週に最低1本映画を観るブログ

毎週最低1本映画を鑑賞してその感想を5点満点で書くブログ。★5つ=一生忘れないレベルの傑作 ★4つ=自信を持って他人に勧められる良作 ★3つ=楽しい時間を過ごせてよかった、という娯楽 ★2つ=他人に勧める気にはならない ★1つ=何が何だかわからない という感じ。観賞に影響を及ぼすような「ネタバレ(オチなど)」は極力避け、必要な場合は「以下ネタバレあり」の記載を入れます。

『グレムリン』★★★☆☆

 

  昨日に引き続き、80年代の古き良きアメリカ映画、さらにクリスマスムービー、さらにファンタジー、さらに郊外の町並みでのドタバタ、さらにCGを使っていない遊び心あるエンタメ作品、とこれでもかと好きな要素が詰め込まれた作品を鑑賞。

 この通りどこをとっても好きなタイプの作品(『BTTF』『グーニーズ』『ホームアローン』あたりのスピルバーグ制作総指揮系)なのでかなり期待して観たのだが・・・・うーん、期待外れとまでは言わないが、かなり緩い内容だと感じた。

 

 モグワイというキャラのアイディアは面白く、善悪表裏一体の奇妙な生物を飼うというのはいろんなハプニングを期待させる。奇妙な発明家の父親、夫に対して思うところあるけれど何も言わない母親、ライバル感ある同年代の銀行の上司、いたずらっ子っぽい近所の子ども、複雑な家庭環境を感じさせるヒロイン、漫画家志望の主人公。今にも動き出しそうなドラマがひしめき合っている。

 しかし驚くことに、この要素のほとんどが特に動かないまま終わる。別に漫画家としてガンバルという展開もなく、ライバルがモグワイにやられるということもなく、父親の発明は要所要所のギャグ以上にはならず、母親は全く設定と関係なく活躍する。ヒロインの家庭環境も、とってつけたような説明セリフでおしまい。別に成長譚にしろとは言わないが、何だったんだあの前振り、と言わざるを得ない。

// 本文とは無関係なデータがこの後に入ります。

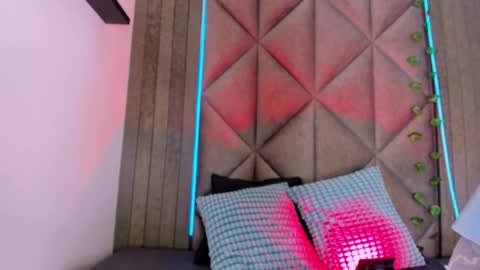 B R I A  online show from 11/04/25, 02:32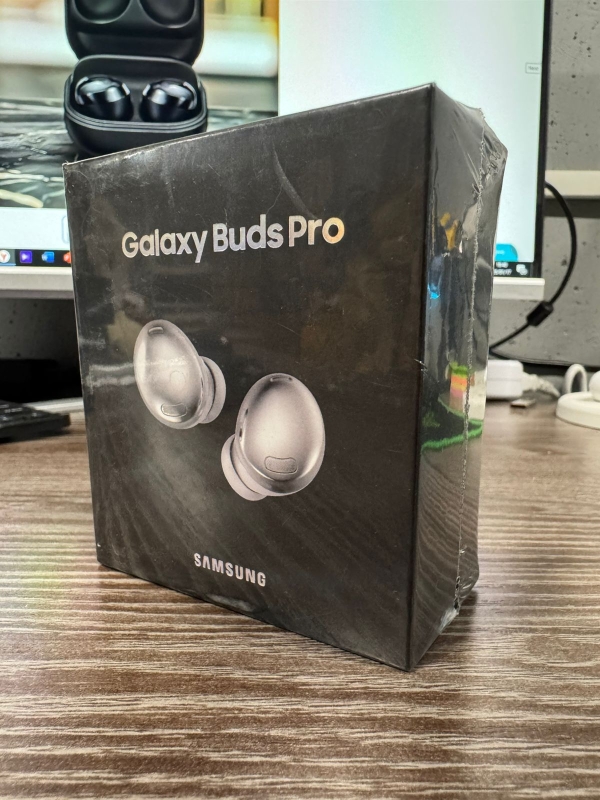 Беспроводные наушники Buds Pro серебро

 そもそも、モグワイを飼うシーンも非常に短く、ギズモにきちんと愛着を抱く前に物語が展開してしまうので、変貌を遂げるショッキングなシーンも今ひとつ効きが弱い。外見の愛らしさでカバーするにしても、もっと主人公と心を交わし合うシーンぐらいあってもよかっただろう(あったらETになってしまうからやめたのだろうか?)。

 いずれにせよ、人間関係が全く動かないまま物語が終幕するのはいささか異様ですらある。クリスマスファミリームービーとして100分の枠を遵守しないといけなかったのはわかるが、だからこそ人間性の描写をカットして、ひたすらかわいいキャラを動かすほうに振ったのはいただけない。商業的には正しいのかも知れないが。

 

 モグワイのパペットの動きや表情の緻密さ、ストップモーションアニメの併用の巧みさは賞賛に値するのだが、ストーリーと関係しないギャグがあまりに多すぎる。そのシーンだけで笑いが終わってしまうのだ。「モグワイかわいいし凶悪化した後のパロディギャグも面白いからいけるだろ」と片っ端からネタを詰め込んだ挙げ句、消化不良になった印象。一貫した筋立てを作れれば傑作にもなり得たろうに、非常に残念。